SUPPLIED INFORMATION.

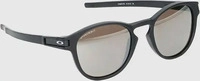 OAKLEY OO9265-2753, OAKLEY LATCH Sonnenbrille matte black/prizm black Men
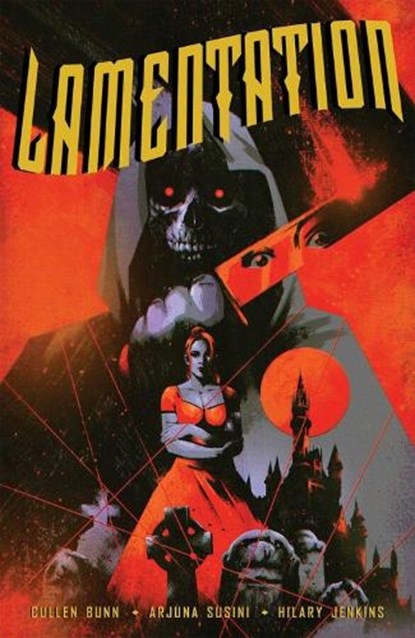 Lamentation, Cullen Bunn - Paperback - 9781637152300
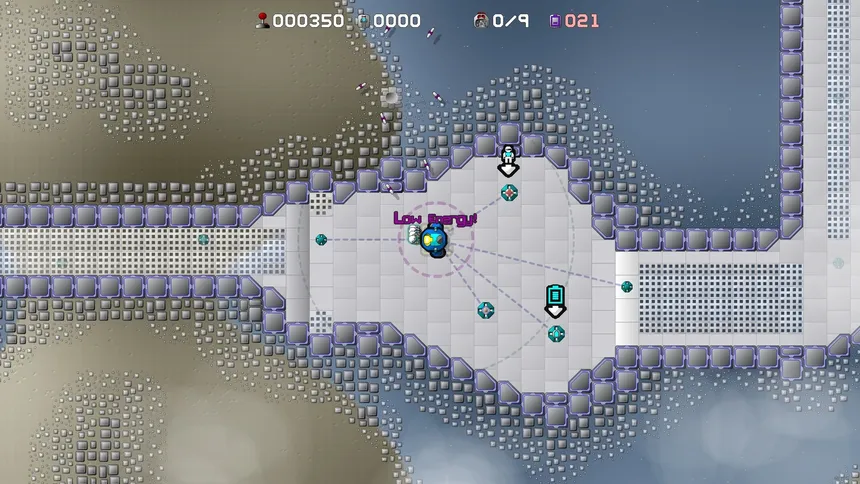Скриншот 1 к игре Hex.Plan.X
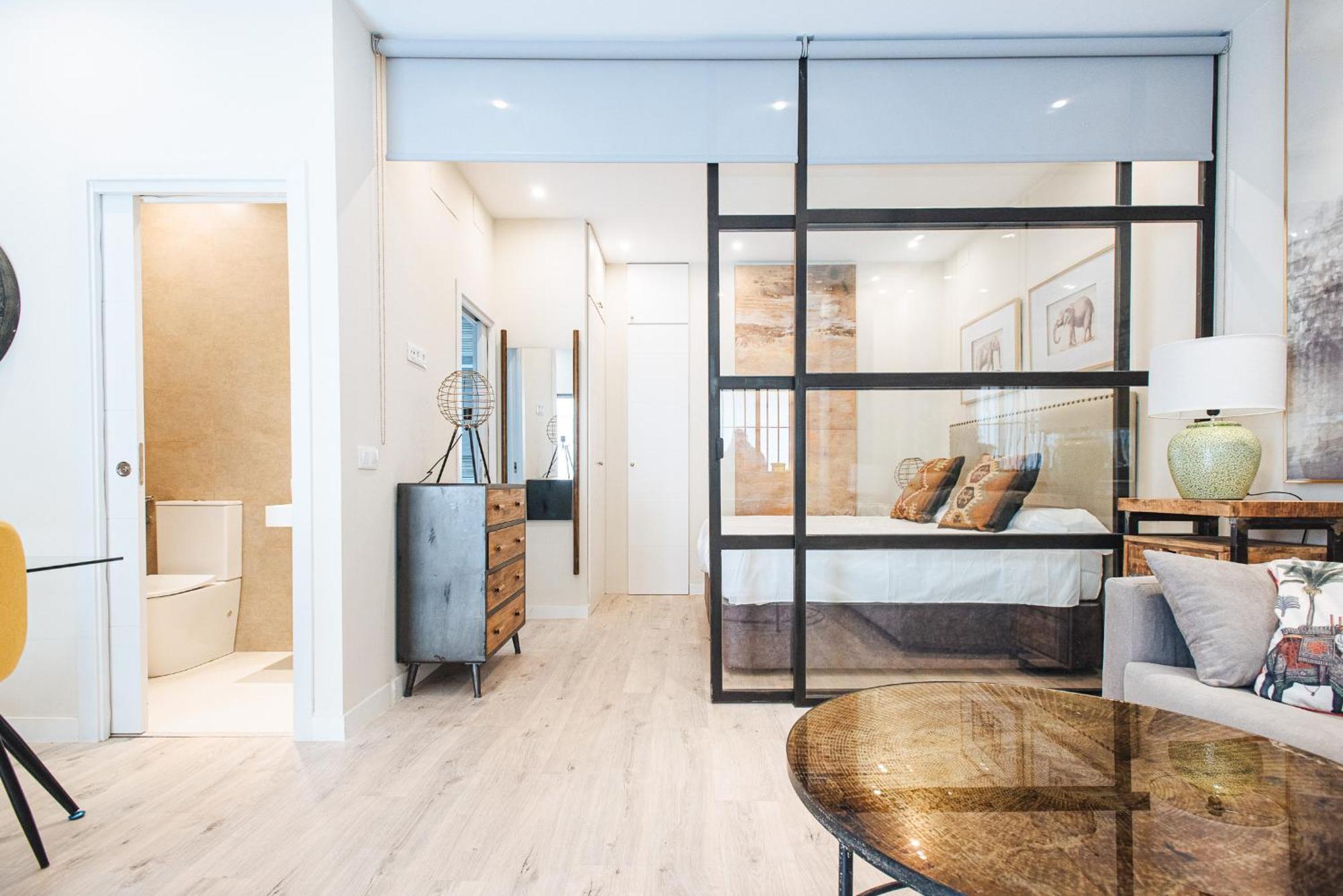 Selecta Apartments Alameda Севиля Екстериор снимка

WHAT YOU ARE ASKED TO DO. Set down all the lines above exactly as they appear, with no pictures.

OUTPUT OF THE TASK.
 OAKLEY OO9265-2753, OAKLEY LATCH Sonnenbrille matte black/prizm black Men
 Lamentation, Cullen Bunn - Paperback - 9781637152300
Скриншот 1 к игре Hex.Plan.X
 Selecta Apartments Alameda Севиля Екстериор снимка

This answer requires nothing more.